Joseph Campbell, philosopher and student of humanities self-told stories has said we need a new mythos for the 21st century. I agree. When presented with today’s ever growing and changing understanding of the birth and extent of the universe, the so called truth of our place with in it born in the minds of a people who did not even know stars existed provide no useful framework nor explanation. When the answer given to the question of possible immortality or an extended life comes from philosophies derived at a time when life was brutal and short and thus was rationalized as being ordained to be so, it will be wrong. When challenged to consider responsibility for an entire planet and all the life it carries, the underlying righteous short sightedness of a tribal society whose very survival was based on the taking of anything it could tear from the earth will not do. When confronted with the possibilities that flow from our own minds each day and in an instant travel the breadth of the planet, possibilities that at the same instant threaten our very existence and offer us the stars, possibilities that at one in the same time show us paths to the future we did know existed only fifty years ago and crush the assumptions that have given us comfort for millenia, the answers on the table fail the test of tomorrow’s needs. Even when, as they are, these religious philosophies are augmented and inseminated with the cold eyed credibility of consumption based conformity as a means of assuring satisfaction and stability, they fail to fill the void. Even though, at their hearts they may provide solace for the soul and sign posts for living, they are incomplete. It is time for the next shift.

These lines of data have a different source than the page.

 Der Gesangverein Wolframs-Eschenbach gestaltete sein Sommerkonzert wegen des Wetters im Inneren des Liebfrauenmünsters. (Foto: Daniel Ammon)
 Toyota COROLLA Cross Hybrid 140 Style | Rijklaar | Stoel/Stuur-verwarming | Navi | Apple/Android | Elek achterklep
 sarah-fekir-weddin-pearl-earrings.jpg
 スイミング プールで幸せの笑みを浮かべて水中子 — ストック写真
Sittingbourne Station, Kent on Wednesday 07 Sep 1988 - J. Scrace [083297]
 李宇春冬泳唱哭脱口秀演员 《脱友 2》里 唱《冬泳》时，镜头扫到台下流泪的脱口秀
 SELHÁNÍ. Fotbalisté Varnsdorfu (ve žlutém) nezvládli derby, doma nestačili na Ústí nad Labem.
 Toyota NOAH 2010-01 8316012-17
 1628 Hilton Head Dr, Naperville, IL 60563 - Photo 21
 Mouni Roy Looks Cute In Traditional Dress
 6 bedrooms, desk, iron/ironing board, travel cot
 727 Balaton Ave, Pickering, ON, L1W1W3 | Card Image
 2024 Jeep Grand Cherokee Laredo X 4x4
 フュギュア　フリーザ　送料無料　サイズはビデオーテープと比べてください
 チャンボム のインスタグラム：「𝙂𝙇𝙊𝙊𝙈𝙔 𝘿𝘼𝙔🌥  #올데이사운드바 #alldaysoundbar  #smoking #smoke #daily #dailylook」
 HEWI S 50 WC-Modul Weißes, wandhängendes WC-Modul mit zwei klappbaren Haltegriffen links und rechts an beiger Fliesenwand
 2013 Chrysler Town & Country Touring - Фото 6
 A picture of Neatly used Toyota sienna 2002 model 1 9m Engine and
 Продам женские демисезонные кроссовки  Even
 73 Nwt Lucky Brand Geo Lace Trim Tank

Borrowing from the metaphors of previous spiritual and cultural shifts in a way that is for this shift more than appropriate, we need a new guiding star. The story of our origin, our place and our destiny needs, in fact demands a new set of answers, as those given us by the ancients are limited, primitive, often in conflict with what we now know at their basic level and given the context of today’s civilization and where it may go, they offer us little comfort nor inspiration.

They are nearly done. A new time is coming, informed by an enlightened and ever growing understanding of ourselves, and fed by a philosophy that does not fight change but embraces the expansion of knowledge. A new society is about to arise on the shoulders of the giants of the past, that even as it uncovers and unmasks in ever greater detail the realities behind the old myths, is determined to apply their wisdom while avoiding their mistakes, while opening up the future in a way that would be inconceivable to our ancestors.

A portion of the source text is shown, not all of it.